Wikipedia:Bots/Requests for approval/SmackBot 35
- The following discussion is an archived debate. Please do not modify it. To request review of this BRFA, please start a new section at WT:BRFA. The result of the discussion was Approved.
Operator: Rich Farmbrough (talk · contribs)
Automatic or Manually assisted: Automatic
Programming language(s): Perl/AWB
Source code available: AWB/Perl no.
Function overview: Canonicalise clean up tags to enable dating
Links to relevant discussions (where appropriate): N/A
Edit period(s): Continuousish
Estimated number of pages affected: 0 - this will only be done on pages already being edited.
Exclusion compliant (Y/N): N
Already has a bot flag (Y/N): N
Function details: For some, most or all maintenance tags (templates) on the page the following will be done:
- removal replacement and reduction of leading, inter token and trailing spaces and underscores to the minimum number of spaces required.
- removal of leading :, msg:, template: Template: Msg:
- Replacement of some all or any template names listed on the what links here (redirects only) page by the template name as shown at the top of the page
- Replacement of a large variety of mis-spellings of "date", together with known aliases of date that are not parameters of the templates
- Replacement of a large variety of mis-spellings, abbreviations and translations of month names within the date parameter
- Replacement of a modest variety of mis-formattings, abbreviations of years within the date parameter
- Removal of un-desirable date components (time, day of week, day number time-zone etc)
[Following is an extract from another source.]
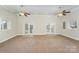 Spacious basement with carpeting and double doors at 182 Grand View Dr, New London, NC 28127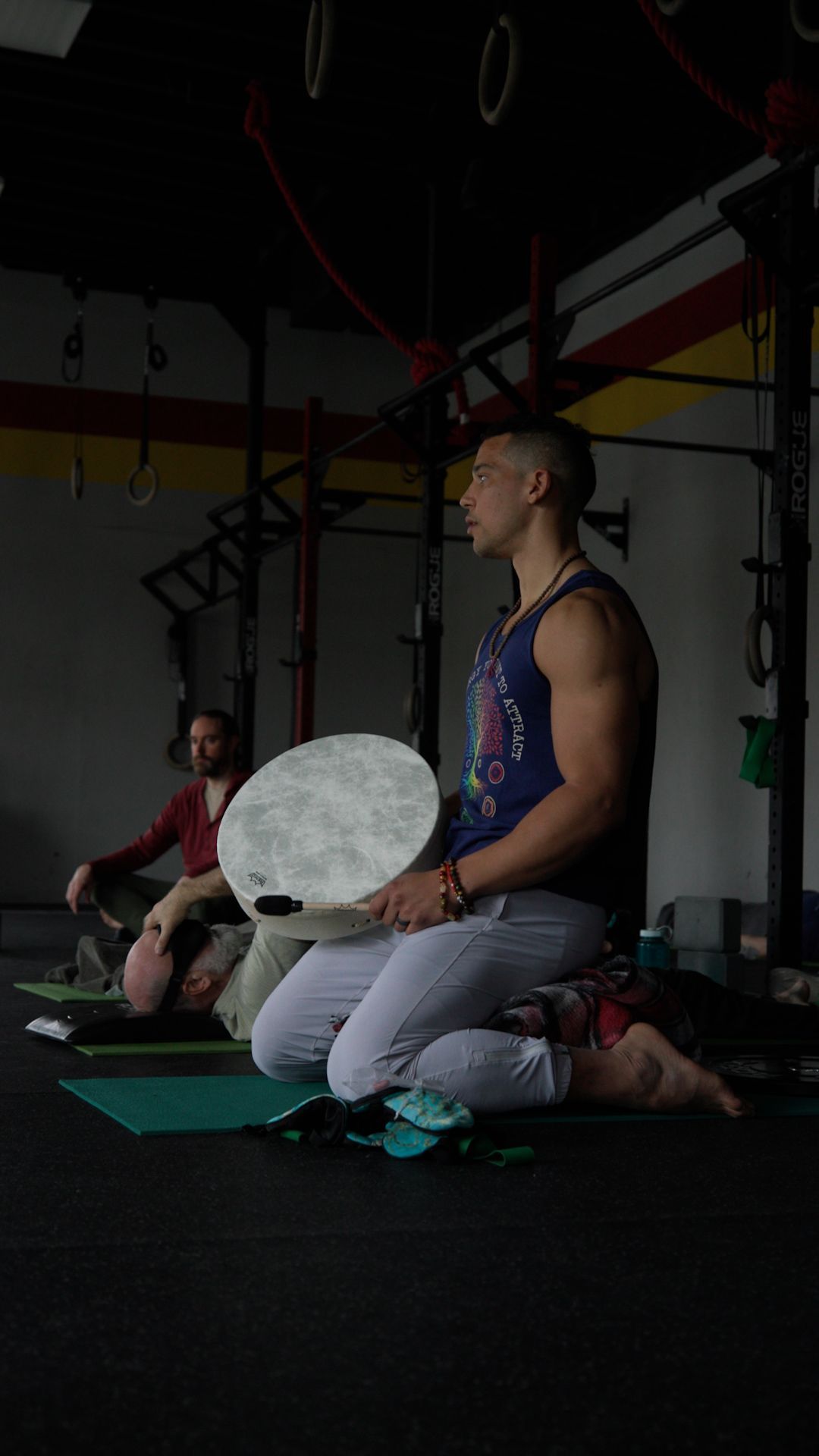 A man is kneeling down while holding a drum in a gym.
- Rearrangement of components into monthname 4-digit-year
- Removal of duplicate date parameters
- Removal of certain cruft, vandalism and errors from date parameters
- De-substituting of the template
- Replacement of invalid dates with the current date
For clarity maintenance tags excludes infoboxes, cite templates, navboxes, succession boxes, interwiki sister links (commons, wikitionary, wikisources etc.), portal boxes, convert, language, mark-up and formatting templates: to these only the rule 2 above will be applied.
In addition:
- Mis-spellings of Subst:, use of various DATE/Date templates, substituting of templates such as "fact now", removal or corrections of copy-pastes from template documentation which break the intended syntax and other multifarious, nefarious and toothfarious errors.
- Special re-arrangement and re-formatting where required of dated maintenance templates that do not use a date= parameter
- Certain limited conversions between section versions of templates and templates with a section (list, table...) parameter
- Certain limited conversions between non-stub and stub versions of cleanup templates.
- Certain limited conversions between BLP and non BLP versions of templates.
- AWB's General Fixes, excluding reference ordering, and with limited orphan tagging.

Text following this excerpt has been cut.